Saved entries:
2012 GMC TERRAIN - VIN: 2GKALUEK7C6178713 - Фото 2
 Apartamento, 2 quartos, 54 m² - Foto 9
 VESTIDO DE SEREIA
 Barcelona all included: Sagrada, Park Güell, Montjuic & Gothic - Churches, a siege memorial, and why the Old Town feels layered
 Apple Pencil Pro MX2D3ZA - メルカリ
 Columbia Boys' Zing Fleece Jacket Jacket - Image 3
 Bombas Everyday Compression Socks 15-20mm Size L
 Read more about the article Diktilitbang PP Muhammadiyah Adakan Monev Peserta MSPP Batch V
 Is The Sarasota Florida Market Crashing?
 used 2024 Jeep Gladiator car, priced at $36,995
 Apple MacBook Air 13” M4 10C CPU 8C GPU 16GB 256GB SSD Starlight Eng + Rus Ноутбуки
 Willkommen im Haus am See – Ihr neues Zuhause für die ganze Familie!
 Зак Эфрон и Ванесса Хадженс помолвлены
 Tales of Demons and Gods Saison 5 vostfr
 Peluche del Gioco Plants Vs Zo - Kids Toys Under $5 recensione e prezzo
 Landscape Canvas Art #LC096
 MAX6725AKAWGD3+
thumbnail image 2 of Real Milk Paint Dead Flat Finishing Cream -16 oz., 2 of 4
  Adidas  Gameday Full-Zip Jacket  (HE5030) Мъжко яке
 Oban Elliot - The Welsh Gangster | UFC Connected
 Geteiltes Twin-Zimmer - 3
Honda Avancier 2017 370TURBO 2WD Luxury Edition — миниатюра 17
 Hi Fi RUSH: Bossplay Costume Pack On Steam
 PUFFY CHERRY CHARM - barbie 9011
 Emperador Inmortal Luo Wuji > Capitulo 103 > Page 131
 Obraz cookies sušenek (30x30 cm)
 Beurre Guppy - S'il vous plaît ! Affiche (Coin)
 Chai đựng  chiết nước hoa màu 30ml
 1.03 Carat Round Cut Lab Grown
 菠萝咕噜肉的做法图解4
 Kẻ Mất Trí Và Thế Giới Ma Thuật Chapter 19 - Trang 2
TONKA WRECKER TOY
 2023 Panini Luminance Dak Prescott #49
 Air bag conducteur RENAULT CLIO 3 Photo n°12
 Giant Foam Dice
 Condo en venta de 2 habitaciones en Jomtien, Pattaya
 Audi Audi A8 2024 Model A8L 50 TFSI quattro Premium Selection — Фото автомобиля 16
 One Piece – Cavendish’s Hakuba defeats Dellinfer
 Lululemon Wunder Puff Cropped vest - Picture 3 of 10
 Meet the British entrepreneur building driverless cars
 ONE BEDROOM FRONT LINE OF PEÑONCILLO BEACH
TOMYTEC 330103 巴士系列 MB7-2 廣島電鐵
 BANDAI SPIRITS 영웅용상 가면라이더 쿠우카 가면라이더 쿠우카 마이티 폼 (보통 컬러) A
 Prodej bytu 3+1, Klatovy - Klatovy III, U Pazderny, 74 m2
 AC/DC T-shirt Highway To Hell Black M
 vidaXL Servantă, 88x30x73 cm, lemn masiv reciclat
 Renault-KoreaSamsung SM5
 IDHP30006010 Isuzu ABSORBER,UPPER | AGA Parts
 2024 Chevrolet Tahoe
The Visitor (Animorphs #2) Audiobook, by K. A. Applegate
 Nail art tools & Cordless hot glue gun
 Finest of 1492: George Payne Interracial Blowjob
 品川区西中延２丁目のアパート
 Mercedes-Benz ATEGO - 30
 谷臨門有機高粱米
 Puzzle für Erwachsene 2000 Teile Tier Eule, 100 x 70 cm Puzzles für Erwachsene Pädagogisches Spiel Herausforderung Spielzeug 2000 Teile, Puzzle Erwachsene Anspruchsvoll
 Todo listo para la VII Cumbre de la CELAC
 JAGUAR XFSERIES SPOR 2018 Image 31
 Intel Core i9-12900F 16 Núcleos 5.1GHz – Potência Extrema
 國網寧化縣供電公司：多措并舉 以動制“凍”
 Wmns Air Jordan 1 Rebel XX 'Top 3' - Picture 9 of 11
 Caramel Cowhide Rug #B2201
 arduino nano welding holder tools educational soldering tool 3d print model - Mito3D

**TASK PROMPT:**
Please retype every entry above exactly as it stands.

**THE ANSWER:**
2012 GMC TERRAIN - VIN: 2GKALUEK7C6178713 - Фото 2
 Apartamento, 2 quartos, 54 m² - Foto 9
 VESTIDO DE SEREIA
 Barcelona all included: Sagrada, Park Güell, Montjuic & Gothic - Churches, a siege memorial, and why the Old Town feels layered
 Apple Pencil Pro MX2D3ZA - メルカリ
 Columbia Boys' Zing Fleece Jacket Jacket - Image 3
 Bombas Everyday Compression Socks 15-20mm Size L
 Read more about the article Diktilitbang PP Muhammadiyah Adakan Monev Peserta MSPP Batch V
 Is The Sarasota Florida Market Crashing?
 used 2024 Jeep Gladiator car, priced at $36,995
 Apple MacBook Air 13” M4 10C CPU 8C GPU 16GB 256GB SSD Starlight Eng + Rus Ноутбуки
 Willkommen im Haus am See – Ihr neues Zuhause für die ganze Familie!
 Зак Эфрон и Ванесса Хадженс помолвлены
 Tales of Demons and Gods Saison 5 vostfr
 Peluche del Gioco Plants Vs Zo - Kids Toys Under $5 recensione e prezzo
 Landscape Canvas Art #LC096
 MAX6725AKAWGD3+
thumbnail image 2 of Real Milk Paint Dead Flat Finishing Cream -16 oz., 2 of 4
  Adidas  Gameday Full-Zip Jacket  (HE5030) Мъжко яке
 Oban Elliot - The Welsh Gangster | UFC Connected
 Geteiltes Twin-Zimmer - 3
Honda Avancier 2017 370TURBO 2WD Luxury Edition — миниатюра 17
 Hi Fi RUSH: Bossplay Costume Pack On Steam
 PUFFY CHERRY CHARM - barbie 9011
 Emperador Inmortal Luo Wuji > Capitulo 103 > Page 131
 Obraz cookies sušenek (30x30 cm)
 Beurre Guppy - S'il vous plaît ! Affiche (Coin)
 Chai đựng  chiết nước hoa màu 30ml
 1.03 Carat Round Cut Lab Grown
 菠萝咕噜肉的做法图解4
 Kẻ Mất Trí Và Thế Giới Ma Thuật Chapter 19 - Trang 2
TONKA WRECKER TOY
 2023 Panini Luminance Dak Prescott #49
 Air bag conducteur RENAULT CLIO 3 Photo n°12
 Giant Foam Dice
 Condo en venta de 2 habitaciones en Jomtien, Pattaya
 Audi Audi A8 2024 Model A8L 50 TFSI quattro Premium Selection — Фото автомобиля 16
 One Piece – Cavendish’s Hakuba defeats Dellinfer
 Lululemon Wunder Puff Cropped vest - Picture 3 of 10
 Meet the British entrepreneur building driverless cars
 ONE BEDROOM FRONT LINE OF PEÑONCILLO BEACH
TOMYTEC 330103 巴士系列 MB7-2 廣島電鐵
 BANDAI SPIRITS 영웅용상 가면라이더 쿠우카 가면라이더 쿠우카 마이티 폼 (보통 컬러) A
 Prodej bytu 3+1, Klatovy - Klatovy III, U Pazderny, 74 m2
 AC/DC T-shirt Highway To Hell Black M
 vidaXL Servantă, 88x30x73 cm, lemn masiv reciclat
 Renault-KoreaSamsung SM5
 IDHP30006010 Isuzu ABSORBER,UPPER | AGA Parts
 2024 Chevrolet Tahoe
The Visitor (Animorphs #2) Audiobook, by K. A. Applegate
 Nail art tools & Cordless hot glue gun
 Finest of 1492: George Payne Interracial Blowjob
 品川区西中延２丁目のアパート
 Mercedes-Benz ATEGO - 30
 谷臨門有機高粱米
 Puzzle für Erwachsene 2000 Teile Tier Eule, 100 x 70 cm Puzzles für Erwachsene Pädagogisches Spiel Herausforderung Spielzeug 2000 Teile, Puzzle Erwachsene Anspruchsvoll
 Todo listo para la VII Cumbre de la CELAC
 JAGUAR XFSERIES SPOR 2018 Image 31
 Intel Core i9-12900F 16 Núcleos 5.1GHz – Potência Extrema
 國網寧化縣供電公司：多措并舉 以動制“凍”
 Wmns Air Jordan 1 Rebel XX 'Top 3' - Picture 9 of 11
 Caramel Cowhide Rug #B2201
 arduino nano welding holder tools educational soldering tool 3d print model - Mito3D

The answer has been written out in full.